I hate the fact that it affects my everyday life in a negative way. It means I will have to start again wearing baggy clothes when I go for a walk alone. Or find a safer neighborhood, where I can keep my lifestyle (I love walking and having the opportunity to go walking in the evenings after dinner, and also having small grocery shops nearby and simply enjoying walking and shopping there).

Well, there are going to be positive sides as well. Climate is more pleasant. Food is amazing; not only restaurants, but especially veggies and basic ingredients to cook everyday meals.
Mountains are easy to reach in 1 or 2 hours drive, as well as the seaside. It is unbelievably full of historical places and monuments. Some of my good friends still live there or will come back soon.
And I can see my father more often, that's the most important thing.
I am really scared of being alone in the future, since the significant members of my family are basically only my father, my granny and her sister. And their age ranges from 65 to 90 years old.
It's true, I have my partner. But before building a family and having kids, I want to be sure it's going to work and to last. I divorced once already, and it was so painful I don't want to repeat that experience, especially with kids involved.
...

Well, speaking about food, I had a junk food session yesterday night. Luckily the only junk food we had home where some leftover chips from Friday night; we had some friends for drinks before heading to a party, and half a package of tortilla chips stayed there... I spent a few hours crying and thinking about the decision of leaving Germany, and the result was me eating about 150 grams of chips. Calorie wise it's not too bad, but it's bad for my health!!!
I want to loose about 7kgs (15lbs) to better perform while climbing.
Actually, I am close to my highest weight (just 5 kgs less at the moment); the point is that now I like my body...sounds crazy, ah?
The reason is that I am more confident. And also that I started taking care of becoming stronger, rather than skinnier. Being stronger helps me being able to lift heavy stuff and climb. Being skinny...what is it useful for? I know seeking "skinny" is an endless path... there's always a skinnier bitch out there and you always feel unhappy.
Now I am very happy about my body. Even if I got on 10 kilos in one year. I know why, I know how it happened. I want to loose weight and try to stay strong and I will do that for myself.
...

Climbing leaves me always with a good feeling of accomplishment, together with challenging myself every single time I go to the gym.
I am so happy I found out about this amazing sport :)
....

Concerning work... I am a bit afraid of having to give a talk at my new work place in a few days. In a way, I know being scared is silly, since I used to give talks in front of 40/50 people at my previous job, and always received compliments for the way I manage fear and explain things. Maybe it's also because I really haven't spoken in public for the past year and a half. But I guess it's like cycling: once you have learned, even if you don't practice for ages, it takes just a few minutes to remember how it works.
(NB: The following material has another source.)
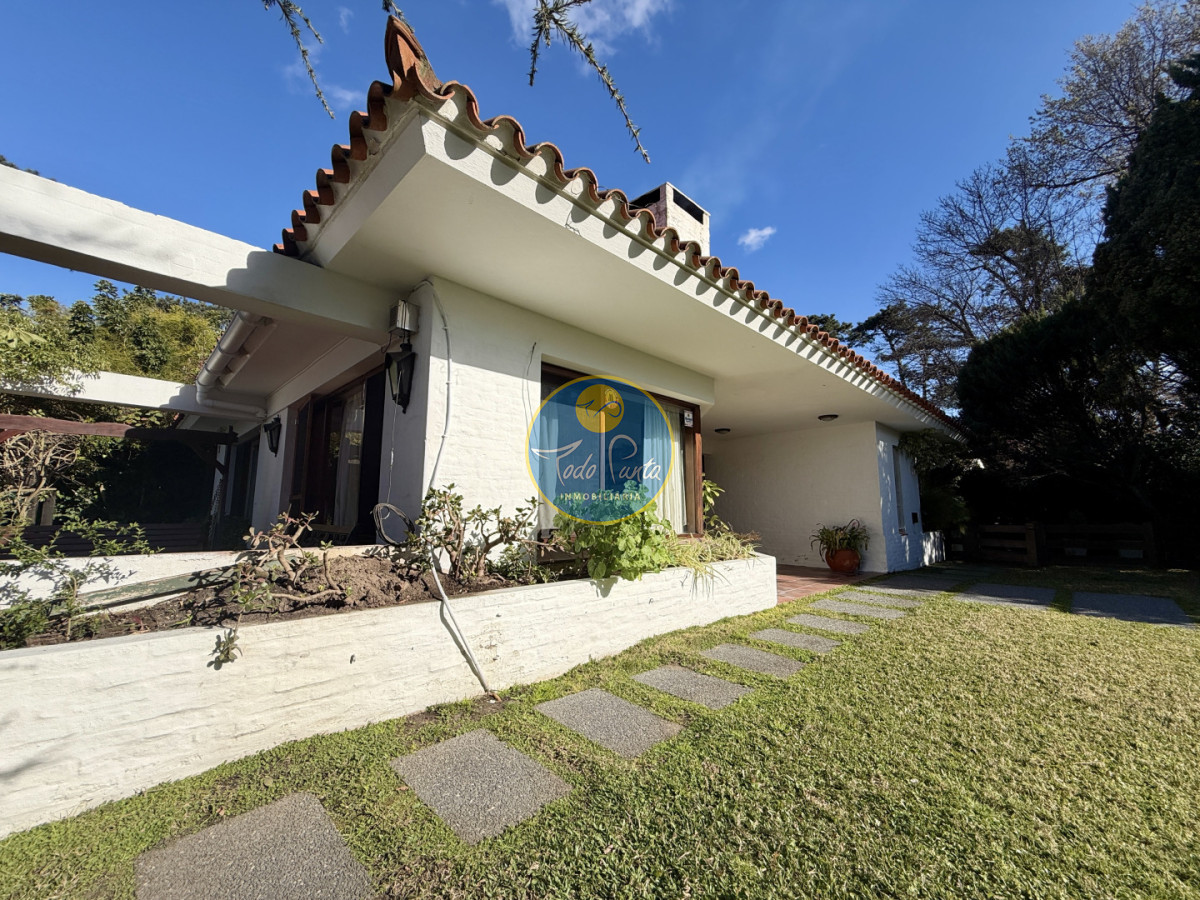 Miniatura de Casa de 3 dormitorios en Country, Punta del Este | Todo Punta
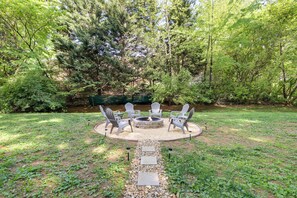Private Backyard | Deck | Gas Grill | Fire Pit | Hammock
I love my new job. The first few months it was more stressful, since I had lots of new things to learn and half of the employees had holidays (so, there were not many people around to ask for help). Now I love the challenge of it, finding new solutions to problems, testing them, improving them. It makes me feel alive.
And it allows me to have also time to go climbing, swimming, seeing friends and spending time with my partner.

My life improved so much during the past two years. Since I decided to move to the city center and change job, I feel so much better.
I think I am just afraid of changes, of the unknown, as anybody else.
Changing country again, and not being used to live in Italy anymore, make me a bit nervous. I have been living abroad for 4 years already, will stay here for about other 3 years. I guess it's going to be a shock, and at the same time I have enough time to prepare for that.
I can make time to visit the city I am planning to move, look for a safe neighborhood, look for a good climbing gym, looking for a beautiful house to rent/buy. I think I will be happy to visit art exhibition more often than I do now, since I live in a small city.
I think I am going to miss all my friends who live here. In this city it's easy to make friends with interests similar to mine, since it's full of researchers in pure science as me. I guess I can find a way.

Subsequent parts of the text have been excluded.